Please return the lines from the one with "AI IMAGE - Portrait" through the end of the listing below, word for word, with every picture left out.

##### Input data

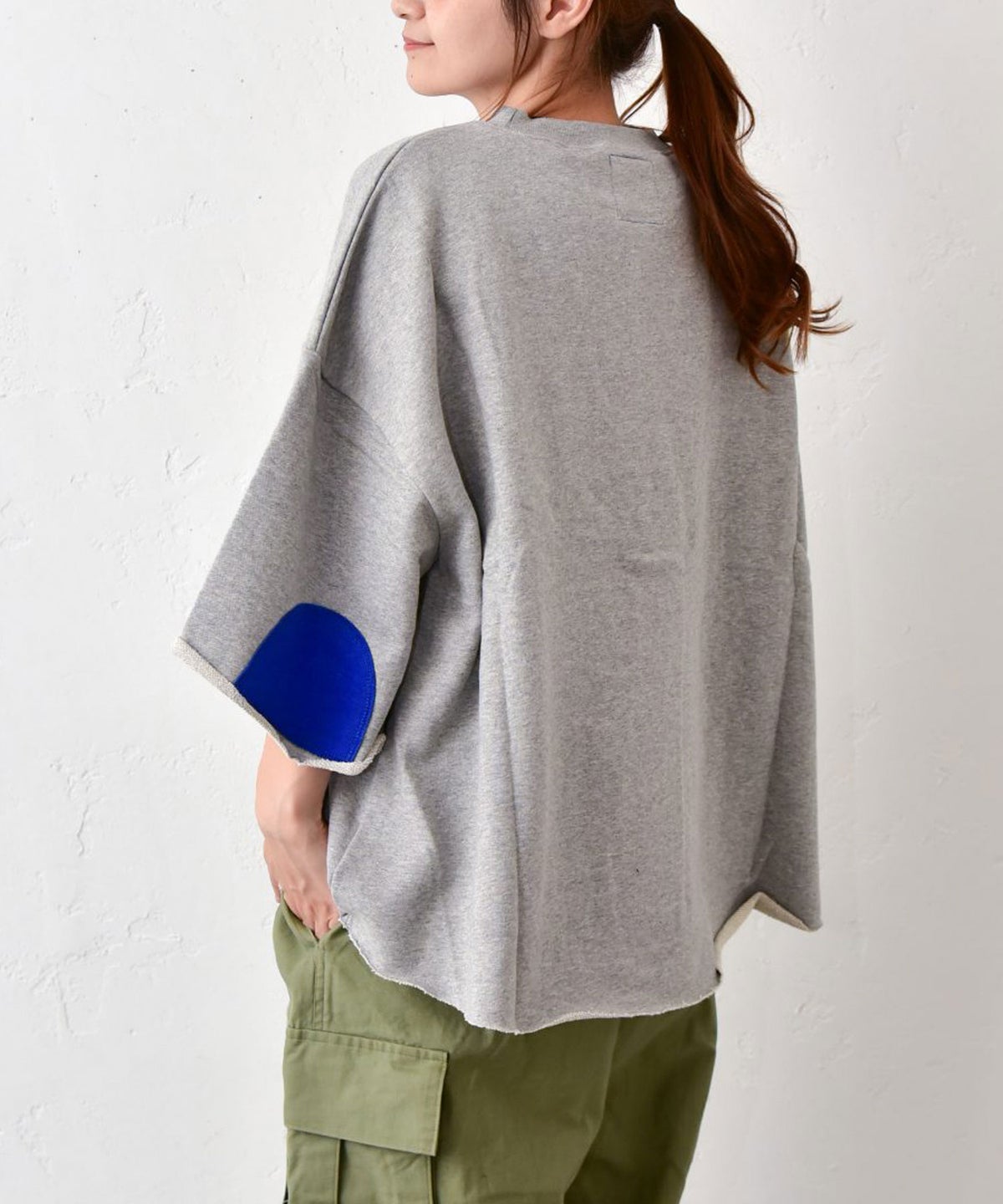 Our.｜エルボーパッチ付き5分袖スウェット [[C-9074]][C]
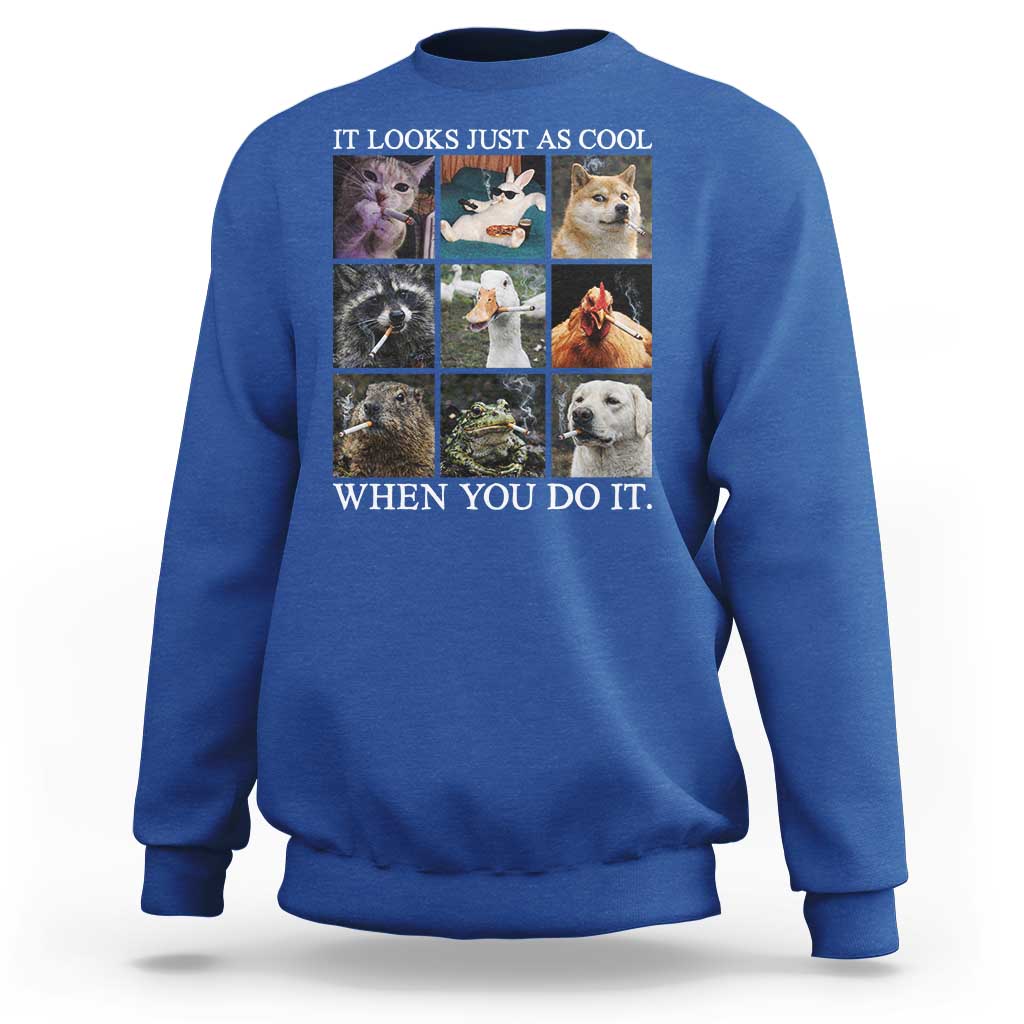 Animals Smoking Cigarettes Meme Sweatshirt It Looks Just as Cool When You Do It - Wonder Print Shop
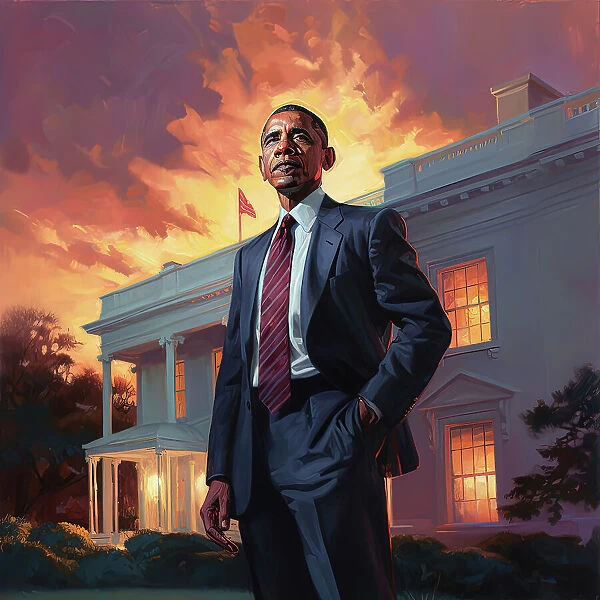 AI IMAGE - Portrait of President Obama, c2009, (2023). Creator: Heritage Images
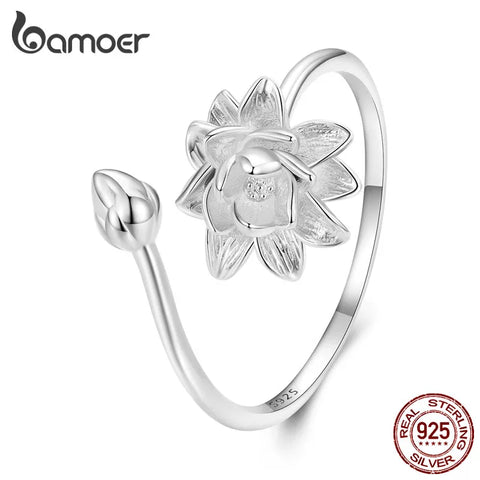 Bamoer 925 Sterling Silver Lotus Opening Ring Flower Adjustable Finger Ring for Women Silver-plated Romantic Fine Jewelry BSR371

##########

Task output —
 AI IMAGE - Portrait of President Obama, c2009, (2023). Creator: Heritage Images
 Bamoer 925 Sterling Silver Lotus Opening Ring Flower Adjustable Finger Ring for Women Silver-plated Romantic Fine Jewelry BSR371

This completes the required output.